Frm an article by Ron Seely in the Wisconsin State Journal:

A small wood burner helps fire the boiler
to heat the Barron, Wiscosnin schools.

From smoking piles of wood chips in the countryside to dust on kitchen counters in Cassville, the difficulties posed by the conversion of the E.J. Stoneman Electrical Station in Grant County to burn wood instead of coal have challenged both village residents and plant engineers.

But the adventures and misadventures of the conversion stand as an informative and cautionary tale of what may lie ahead as Wisconsin and the rest of the country struggle to find alternative renewable fuels to help wean us from dirtier, nonrenewable combustibles such as coal.

Even so, Rich Nelson, plant manager, is more convinced than ever that the plant, one of just a few in the country that burn only wood, represents a future that will see much less dependence on nonrenewable fuels.
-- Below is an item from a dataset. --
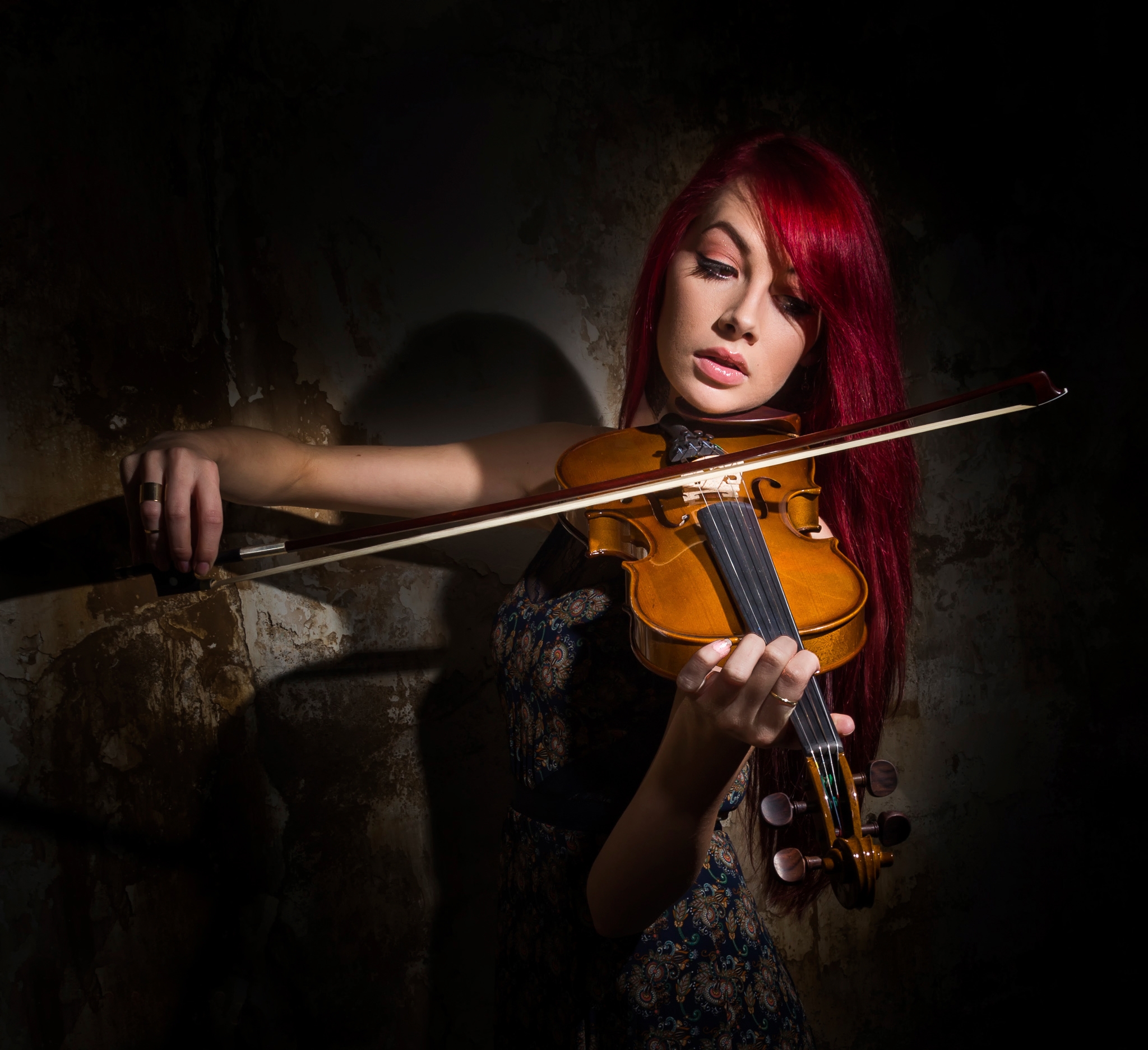 Образ скрипки. Кейт Виолин. Девушки со скрипкой.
After all, he said, it makes perfect sense to be turning demolished buildings in Milwaukee into power for more than 28,000 homes in the Cassville area.
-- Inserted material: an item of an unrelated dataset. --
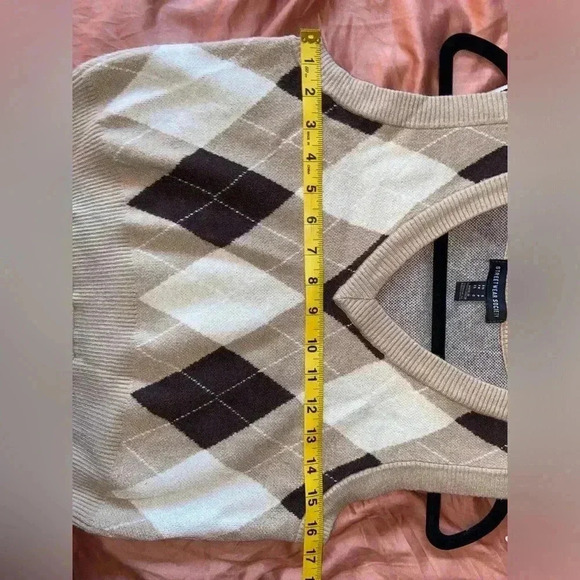 Streetwear Society Women’s Small Cropped Sweater Vest - Picture 4 of 5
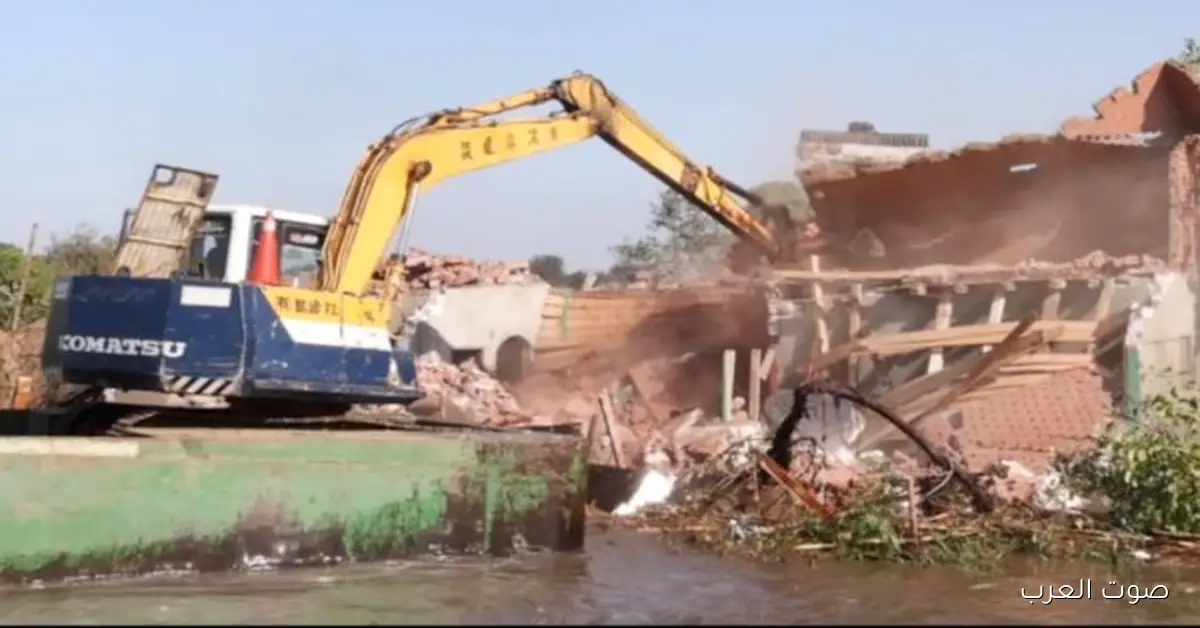 إزالة 327 تعدي على فرع رشيد.. مباني مخالفة وأعمال ردم في مجرى النيل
“If we weren’t here,” Nelson said, “then all that construction material would be going into a landfill.”

The 60-year-old power plant, which rises next to the Mississippi River, was converted last year by Michigan’s DTE Energies, which has owned the plant since 2008. Its two boilers are now heated by wood rather than coal, a process known in the trade as “repowering.”
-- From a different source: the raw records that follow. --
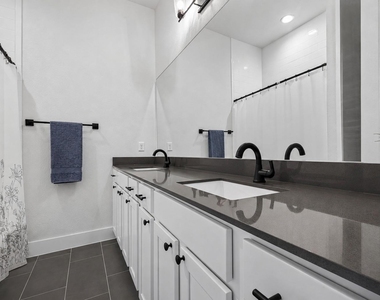 5737 White Magnolia Street - Photo Thumbnail 22
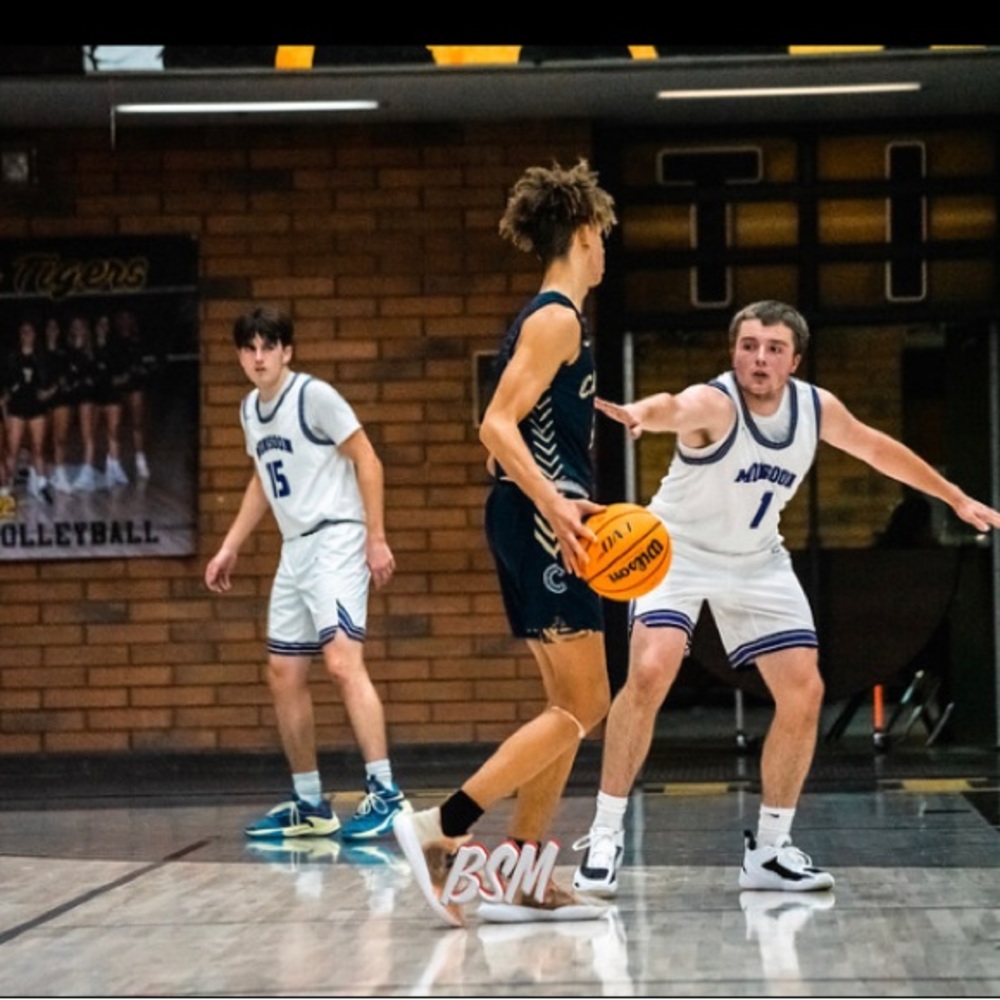 Meet your Posher, Amare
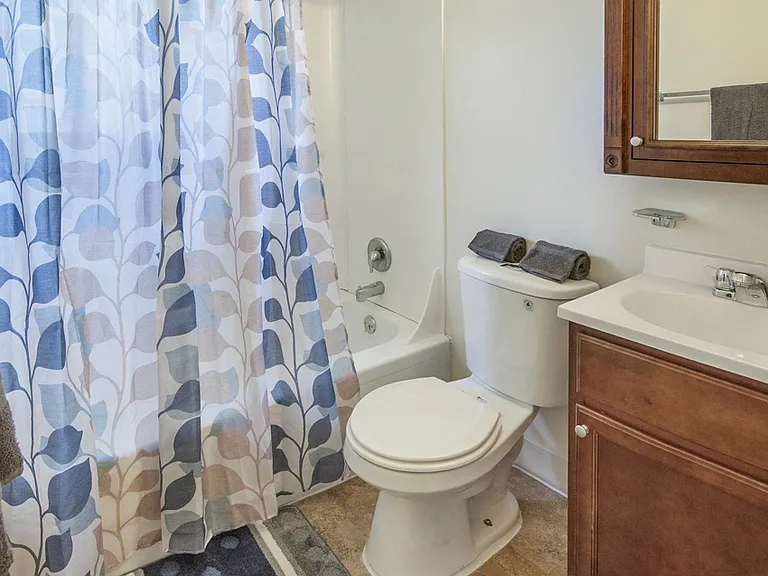 Oakview Apartments — Photo 9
The transition has had its rough spots. Nearby residents have complained about problems such as ash on their window sills and kitchen counters, and wood chip piles stored in quarries that spontaneously combust and fill scenic valleys with blue haze.

“It’s frustrating sometimes,” Nelson said. “I think the expectation was that we’d push a button and then everybody’s feet would be up on their desks and we’d be making power.”